> Work to be completed: In the material below, the required lines run from the one containing "27 Suites Apart Hotel" through the one containing "Apartment New 6". Copy those lines exactly, ends included, and nothing else.

───── Source data

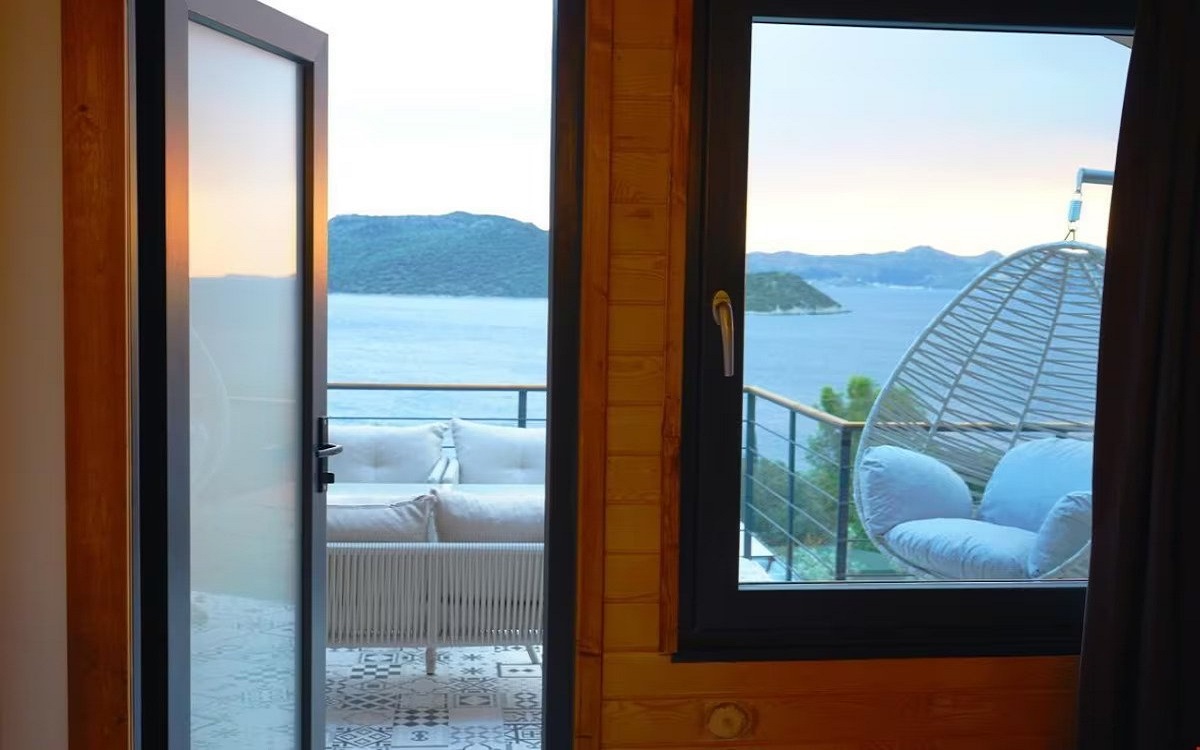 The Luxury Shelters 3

──────────
───── Source data

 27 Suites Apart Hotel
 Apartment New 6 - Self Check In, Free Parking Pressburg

──────────

> Output for this task:
 27 Suites Apart Hotel
 Apartment New 6 - Self Check In, Free Parking Pressburg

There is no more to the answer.